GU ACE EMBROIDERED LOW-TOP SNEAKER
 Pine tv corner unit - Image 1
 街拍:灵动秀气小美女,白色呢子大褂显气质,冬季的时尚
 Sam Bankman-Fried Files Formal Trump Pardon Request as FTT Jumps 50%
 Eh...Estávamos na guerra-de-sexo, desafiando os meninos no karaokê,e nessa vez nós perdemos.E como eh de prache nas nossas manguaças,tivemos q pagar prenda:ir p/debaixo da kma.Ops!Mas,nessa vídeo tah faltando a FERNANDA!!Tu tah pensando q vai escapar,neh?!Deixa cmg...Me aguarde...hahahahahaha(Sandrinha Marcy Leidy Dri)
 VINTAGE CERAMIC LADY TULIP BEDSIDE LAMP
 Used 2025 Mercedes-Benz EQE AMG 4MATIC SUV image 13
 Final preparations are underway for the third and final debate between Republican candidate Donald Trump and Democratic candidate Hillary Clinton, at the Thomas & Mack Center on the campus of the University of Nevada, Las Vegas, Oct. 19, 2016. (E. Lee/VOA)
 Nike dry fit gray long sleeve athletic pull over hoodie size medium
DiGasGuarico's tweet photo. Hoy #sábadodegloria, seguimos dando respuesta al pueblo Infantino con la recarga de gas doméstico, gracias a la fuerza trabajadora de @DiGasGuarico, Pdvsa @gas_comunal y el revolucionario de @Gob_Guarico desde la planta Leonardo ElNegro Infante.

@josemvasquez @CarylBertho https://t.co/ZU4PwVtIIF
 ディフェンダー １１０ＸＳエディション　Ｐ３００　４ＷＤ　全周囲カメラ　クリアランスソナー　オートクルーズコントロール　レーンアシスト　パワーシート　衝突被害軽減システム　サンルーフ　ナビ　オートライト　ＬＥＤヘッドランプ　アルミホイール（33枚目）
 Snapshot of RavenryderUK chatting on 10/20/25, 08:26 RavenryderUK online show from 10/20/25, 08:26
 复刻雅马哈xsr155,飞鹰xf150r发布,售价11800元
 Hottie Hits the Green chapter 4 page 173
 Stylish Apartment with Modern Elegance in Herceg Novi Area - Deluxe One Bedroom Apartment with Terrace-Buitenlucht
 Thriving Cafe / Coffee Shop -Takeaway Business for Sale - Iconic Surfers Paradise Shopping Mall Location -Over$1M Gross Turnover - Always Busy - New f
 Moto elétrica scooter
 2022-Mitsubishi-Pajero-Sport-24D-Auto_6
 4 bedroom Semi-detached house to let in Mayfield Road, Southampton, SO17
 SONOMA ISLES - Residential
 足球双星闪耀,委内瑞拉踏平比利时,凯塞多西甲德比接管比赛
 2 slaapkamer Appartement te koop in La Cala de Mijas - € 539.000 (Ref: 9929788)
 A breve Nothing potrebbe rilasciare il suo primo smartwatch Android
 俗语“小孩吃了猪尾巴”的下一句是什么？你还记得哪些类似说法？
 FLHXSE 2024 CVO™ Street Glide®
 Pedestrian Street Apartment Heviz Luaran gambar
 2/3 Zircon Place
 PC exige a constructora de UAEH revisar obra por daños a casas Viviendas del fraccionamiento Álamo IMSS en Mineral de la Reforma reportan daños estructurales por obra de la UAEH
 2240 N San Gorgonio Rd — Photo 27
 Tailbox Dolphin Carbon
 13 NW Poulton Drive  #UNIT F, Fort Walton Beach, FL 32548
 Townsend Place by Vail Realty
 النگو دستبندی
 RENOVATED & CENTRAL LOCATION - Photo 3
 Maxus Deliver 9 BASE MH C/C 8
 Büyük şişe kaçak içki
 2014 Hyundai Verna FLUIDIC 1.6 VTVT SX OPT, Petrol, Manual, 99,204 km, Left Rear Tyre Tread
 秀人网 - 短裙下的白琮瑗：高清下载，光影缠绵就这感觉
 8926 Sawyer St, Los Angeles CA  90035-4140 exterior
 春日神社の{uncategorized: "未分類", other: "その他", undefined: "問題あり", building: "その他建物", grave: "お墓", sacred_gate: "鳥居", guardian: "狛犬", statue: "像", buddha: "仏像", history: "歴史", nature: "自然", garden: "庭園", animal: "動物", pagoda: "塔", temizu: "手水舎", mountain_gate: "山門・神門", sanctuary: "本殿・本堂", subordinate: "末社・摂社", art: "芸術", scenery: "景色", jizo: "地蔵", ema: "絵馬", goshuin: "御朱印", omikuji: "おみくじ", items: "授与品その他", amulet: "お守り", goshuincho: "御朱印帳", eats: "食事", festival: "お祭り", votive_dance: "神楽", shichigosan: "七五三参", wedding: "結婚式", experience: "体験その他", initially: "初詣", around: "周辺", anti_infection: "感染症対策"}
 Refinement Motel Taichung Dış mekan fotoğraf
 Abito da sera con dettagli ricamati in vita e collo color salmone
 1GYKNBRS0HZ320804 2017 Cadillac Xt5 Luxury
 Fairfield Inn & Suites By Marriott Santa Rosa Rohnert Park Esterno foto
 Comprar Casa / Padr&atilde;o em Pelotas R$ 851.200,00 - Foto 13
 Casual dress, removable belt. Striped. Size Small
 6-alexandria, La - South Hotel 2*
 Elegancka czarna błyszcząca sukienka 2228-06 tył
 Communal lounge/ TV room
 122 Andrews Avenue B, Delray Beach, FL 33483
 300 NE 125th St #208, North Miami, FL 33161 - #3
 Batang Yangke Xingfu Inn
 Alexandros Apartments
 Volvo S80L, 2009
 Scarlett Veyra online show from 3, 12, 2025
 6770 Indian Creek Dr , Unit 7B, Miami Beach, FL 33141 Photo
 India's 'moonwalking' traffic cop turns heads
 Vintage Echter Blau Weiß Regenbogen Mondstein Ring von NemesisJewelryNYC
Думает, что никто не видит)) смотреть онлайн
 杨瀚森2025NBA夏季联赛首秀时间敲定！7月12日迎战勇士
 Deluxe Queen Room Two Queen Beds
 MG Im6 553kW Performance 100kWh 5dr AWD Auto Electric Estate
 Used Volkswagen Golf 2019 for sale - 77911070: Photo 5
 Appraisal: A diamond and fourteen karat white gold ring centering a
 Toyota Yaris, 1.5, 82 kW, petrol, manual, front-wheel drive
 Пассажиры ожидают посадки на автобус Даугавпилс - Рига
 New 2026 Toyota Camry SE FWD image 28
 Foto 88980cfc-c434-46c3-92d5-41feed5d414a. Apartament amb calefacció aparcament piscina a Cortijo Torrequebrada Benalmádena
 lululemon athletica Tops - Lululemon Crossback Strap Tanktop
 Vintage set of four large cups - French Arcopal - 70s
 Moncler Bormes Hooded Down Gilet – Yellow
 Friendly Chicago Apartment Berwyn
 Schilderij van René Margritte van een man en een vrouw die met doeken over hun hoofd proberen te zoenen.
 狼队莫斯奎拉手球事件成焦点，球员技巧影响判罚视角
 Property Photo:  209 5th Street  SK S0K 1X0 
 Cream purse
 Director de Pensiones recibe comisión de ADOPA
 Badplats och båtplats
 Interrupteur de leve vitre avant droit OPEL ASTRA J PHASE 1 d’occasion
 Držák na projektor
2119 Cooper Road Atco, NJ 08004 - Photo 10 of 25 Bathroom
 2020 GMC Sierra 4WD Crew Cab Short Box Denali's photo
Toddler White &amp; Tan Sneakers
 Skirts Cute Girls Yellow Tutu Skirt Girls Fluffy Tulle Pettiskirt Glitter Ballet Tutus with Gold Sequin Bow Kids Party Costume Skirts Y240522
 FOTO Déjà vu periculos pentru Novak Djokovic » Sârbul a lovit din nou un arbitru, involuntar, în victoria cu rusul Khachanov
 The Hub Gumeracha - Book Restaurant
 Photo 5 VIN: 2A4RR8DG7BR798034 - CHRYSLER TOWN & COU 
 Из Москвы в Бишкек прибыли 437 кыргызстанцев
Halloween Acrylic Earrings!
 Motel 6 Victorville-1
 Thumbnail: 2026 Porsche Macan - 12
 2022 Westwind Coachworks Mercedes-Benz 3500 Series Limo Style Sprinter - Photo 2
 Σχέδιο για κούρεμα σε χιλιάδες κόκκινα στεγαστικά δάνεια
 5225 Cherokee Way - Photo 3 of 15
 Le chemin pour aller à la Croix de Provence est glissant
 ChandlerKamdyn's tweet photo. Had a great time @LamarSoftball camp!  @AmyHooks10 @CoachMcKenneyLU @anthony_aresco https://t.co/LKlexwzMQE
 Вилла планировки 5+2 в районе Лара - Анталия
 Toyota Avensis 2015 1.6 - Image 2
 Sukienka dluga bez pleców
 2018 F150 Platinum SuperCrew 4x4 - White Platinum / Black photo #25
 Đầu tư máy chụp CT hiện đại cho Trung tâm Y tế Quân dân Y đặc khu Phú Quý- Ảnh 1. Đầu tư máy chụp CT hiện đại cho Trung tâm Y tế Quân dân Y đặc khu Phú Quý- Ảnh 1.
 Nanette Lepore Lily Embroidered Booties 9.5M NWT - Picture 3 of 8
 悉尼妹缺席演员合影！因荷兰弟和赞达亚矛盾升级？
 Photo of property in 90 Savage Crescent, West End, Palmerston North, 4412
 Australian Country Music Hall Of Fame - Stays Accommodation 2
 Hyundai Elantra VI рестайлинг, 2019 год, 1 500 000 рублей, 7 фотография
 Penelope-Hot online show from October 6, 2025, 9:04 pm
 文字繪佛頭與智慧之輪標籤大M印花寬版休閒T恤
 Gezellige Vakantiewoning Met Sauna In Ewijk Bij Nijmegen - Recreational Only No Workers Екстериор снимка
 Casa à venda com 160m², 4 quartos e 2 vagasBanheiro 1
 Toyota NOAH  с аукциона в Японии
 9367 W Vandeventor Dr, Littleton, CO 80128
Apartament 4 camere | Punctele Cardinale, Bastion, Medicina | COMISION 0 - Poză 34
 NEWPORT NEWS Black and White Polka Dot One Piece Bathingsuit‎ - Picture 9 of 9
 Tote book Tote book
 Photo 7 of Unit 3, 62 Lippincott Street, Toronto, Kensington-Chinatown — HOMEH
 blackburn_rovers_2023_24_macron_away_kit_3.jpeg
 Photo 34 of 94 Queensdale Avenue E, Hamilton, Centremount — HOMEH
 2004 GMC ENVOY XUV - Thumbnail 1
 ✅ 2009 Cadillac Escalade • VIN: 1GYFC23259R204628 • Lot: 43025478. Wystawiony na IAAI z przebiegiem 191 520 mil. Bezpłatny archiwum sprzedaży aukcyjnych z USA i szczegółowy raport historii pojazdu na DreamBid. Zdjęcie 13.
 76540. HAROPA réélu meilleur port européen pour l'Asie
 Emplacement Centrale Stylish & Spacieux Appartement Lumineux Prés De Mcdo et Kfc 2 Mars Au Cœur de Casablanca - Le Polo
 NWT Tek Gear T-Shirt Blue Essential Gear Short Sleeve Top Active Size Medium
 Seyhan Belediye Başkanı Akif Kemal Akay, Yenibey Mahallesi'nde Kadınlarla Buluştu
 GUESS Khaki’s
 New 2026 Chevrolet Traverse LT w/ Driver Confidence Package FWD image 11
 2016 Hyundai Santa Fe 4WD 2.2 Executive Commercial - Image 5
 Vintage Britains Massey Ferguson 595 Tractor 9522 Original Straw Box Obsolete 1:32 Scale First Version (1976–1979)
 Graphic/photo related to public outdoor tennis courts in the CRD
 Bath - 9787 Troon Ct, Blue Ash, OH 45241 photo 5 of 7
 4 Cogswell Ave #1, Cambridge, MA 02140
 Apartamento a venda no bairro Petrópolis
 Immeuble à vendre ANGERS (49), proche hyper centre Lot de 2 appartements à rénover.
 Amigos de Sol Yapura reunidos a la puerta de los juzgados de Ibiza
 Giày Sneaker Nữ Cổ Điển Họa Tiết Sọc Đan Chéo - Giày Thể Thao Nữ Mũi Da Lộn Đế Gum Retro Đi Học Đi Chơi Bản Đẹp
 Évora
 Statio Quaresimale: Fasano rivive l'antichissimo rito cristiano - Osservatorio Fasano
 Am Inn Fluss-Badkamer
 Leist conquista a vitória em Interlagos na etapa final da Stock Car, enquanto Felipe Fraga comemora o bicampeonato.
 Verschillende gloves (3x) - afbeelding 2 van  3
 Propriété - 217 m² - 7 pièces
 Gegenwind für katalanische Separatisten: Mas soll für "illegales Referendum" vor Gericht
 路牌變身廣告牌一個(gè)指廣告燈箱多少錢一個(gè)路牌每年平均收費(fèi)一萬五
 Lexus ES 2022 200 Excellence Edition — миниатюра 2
:::::
● **What the exercise asks**
Nothing beyond the lines from the start of the entries through the line with "Sam Bankman-Fried Files" should appear. Repeat those lines exactly, both ends included.

● **Result of this exercise**
GU ACE EMBROIDERED LOW-TOP SNEAKER
 Pine tv corner unit - Image 1
 街拍:灵动秀气小美女,白色呢子大褂显气质,冬季的时尚
 Sam Bankman-Fried Files Formal Trump Pardon Request as FTT Jumps 50%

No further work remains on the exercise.